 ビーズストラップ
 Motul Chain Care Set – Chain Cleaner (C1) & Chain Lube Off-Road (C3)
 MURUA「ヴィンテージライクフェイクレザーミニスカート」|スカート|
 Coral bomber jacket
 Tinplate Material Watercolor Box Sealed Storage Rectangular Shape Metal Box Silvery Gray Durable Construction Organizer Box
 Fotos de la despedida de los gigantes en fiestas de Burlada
--
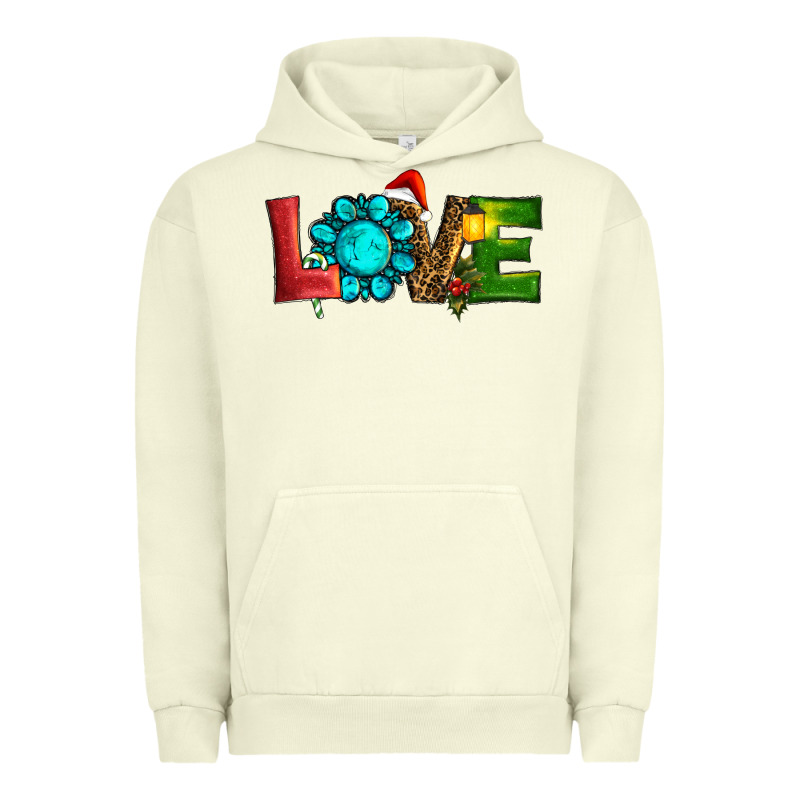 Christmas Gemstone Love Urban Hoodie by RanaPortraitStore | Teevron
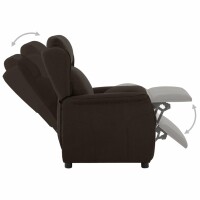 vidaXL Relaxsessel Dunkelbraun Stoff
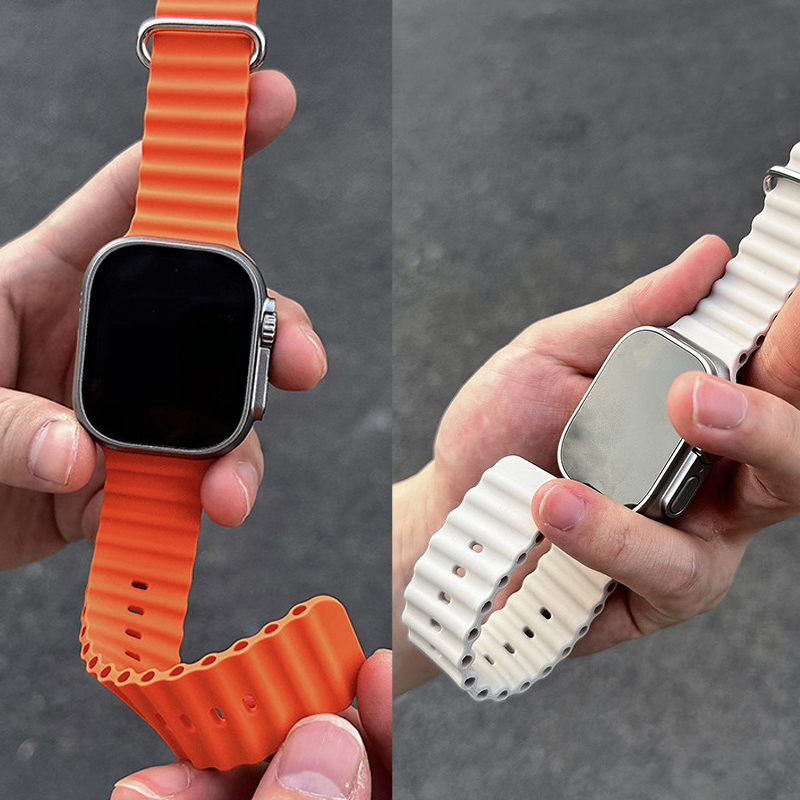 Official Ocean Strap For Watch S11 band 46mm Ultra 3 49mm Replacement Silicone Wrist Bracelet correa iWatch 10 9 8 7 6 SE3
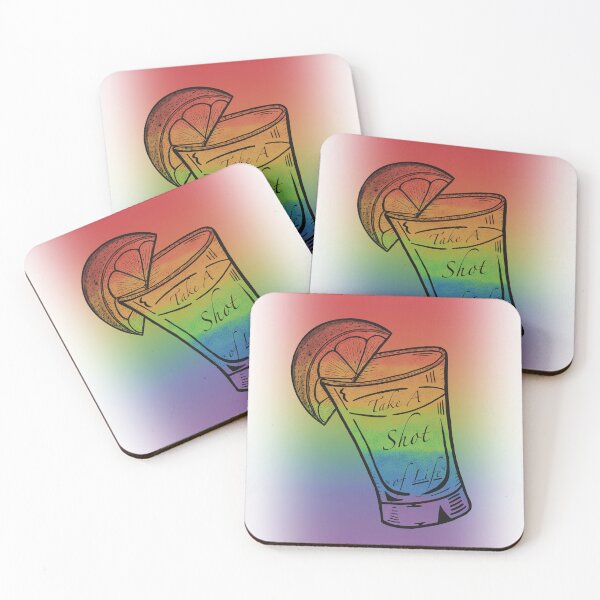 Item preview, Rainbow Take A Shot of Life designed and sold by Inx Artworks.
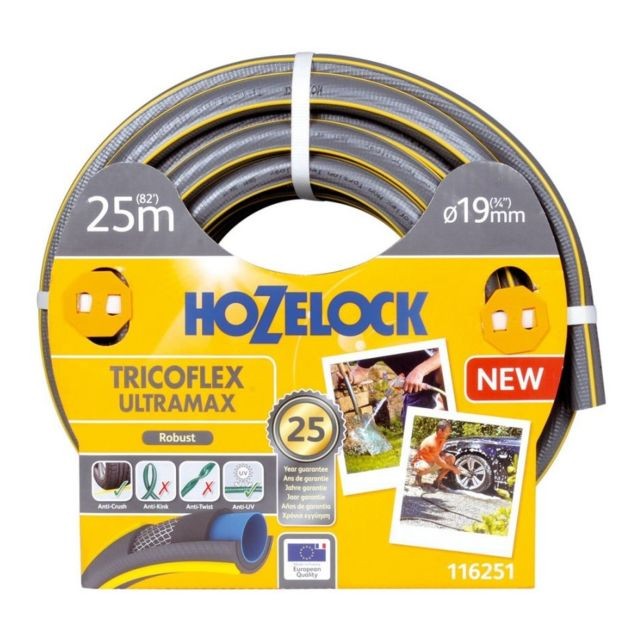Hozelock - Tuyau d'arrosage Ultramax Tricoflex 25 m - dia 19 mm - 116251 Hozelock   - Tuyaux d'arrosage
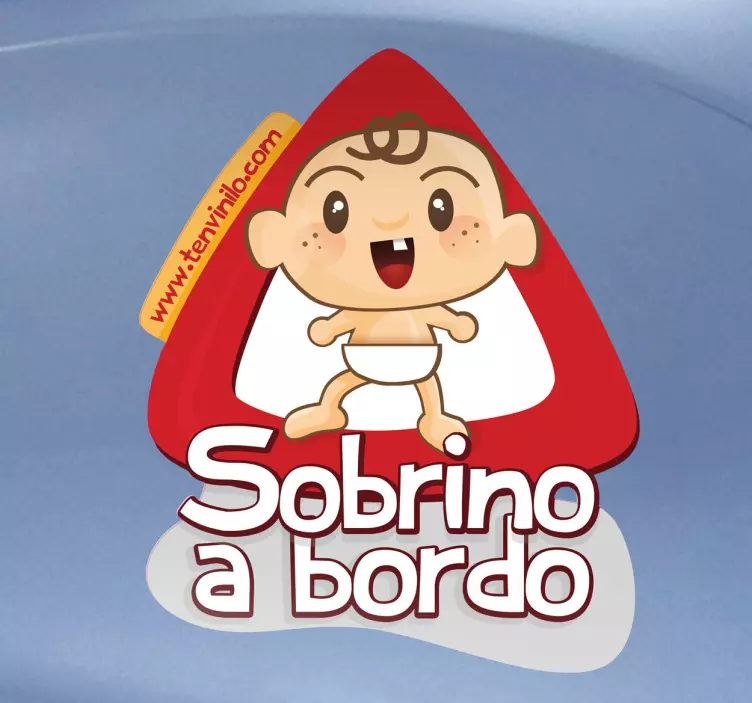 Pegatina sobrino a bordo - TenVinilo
---
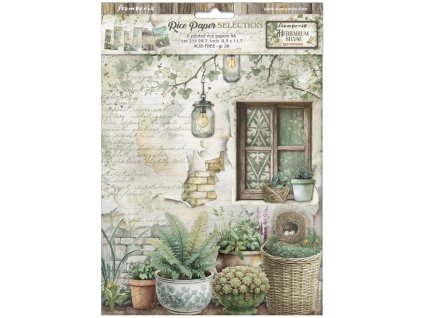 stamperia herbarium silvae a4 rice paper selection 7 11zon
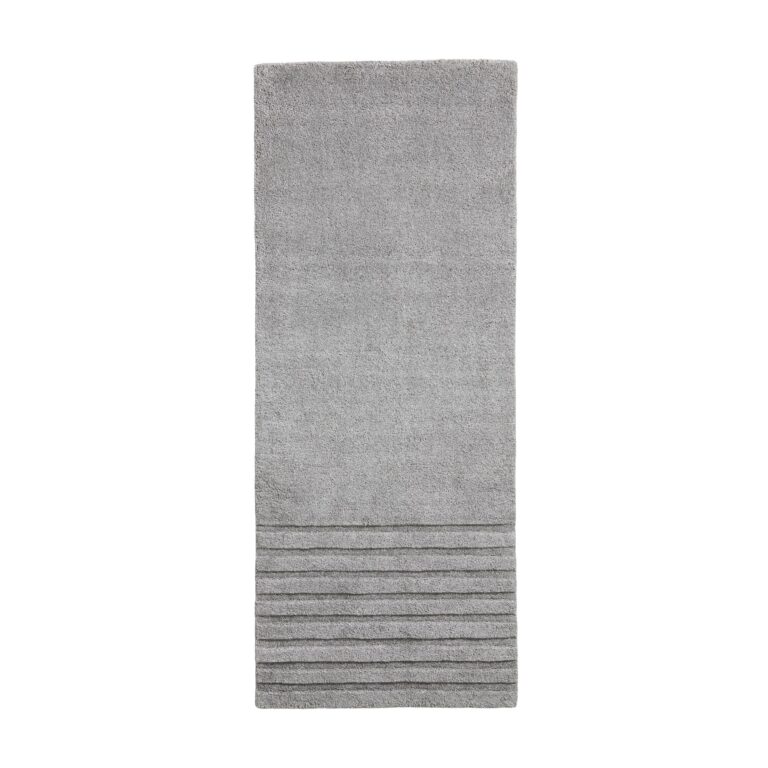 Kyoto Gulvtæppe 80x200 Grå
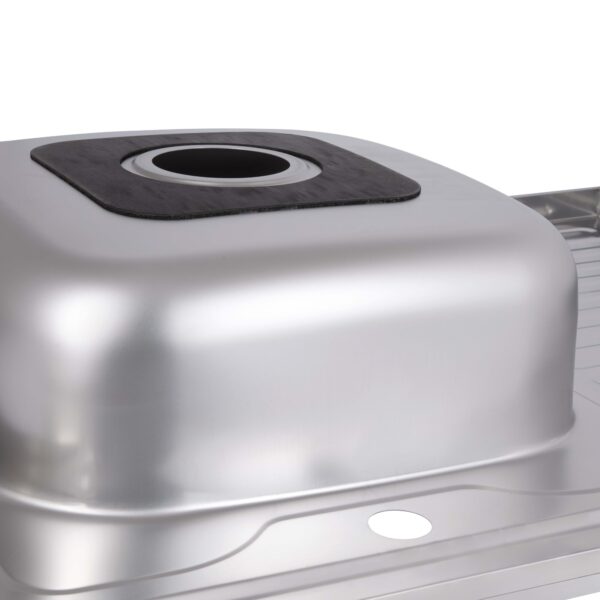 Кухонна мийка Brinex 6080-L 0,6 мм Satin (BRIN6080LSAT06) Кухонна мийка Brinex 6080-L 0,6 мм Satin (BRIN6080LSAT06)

- **DIRECTIONS**:
Retype exactly the lines above, from the one with "Tinplate Material Watercolor" through the one with "Fotos de la", inclusive.

- **WRITTEN ANSWER**:
 Tinplate Material Watercolor Box Sealed Storage Rectangular Shape Metal Box Silvery Gray Durable Construction Organizer Box
 Fotos de la despedida de los gigantes en fiestas de Burlada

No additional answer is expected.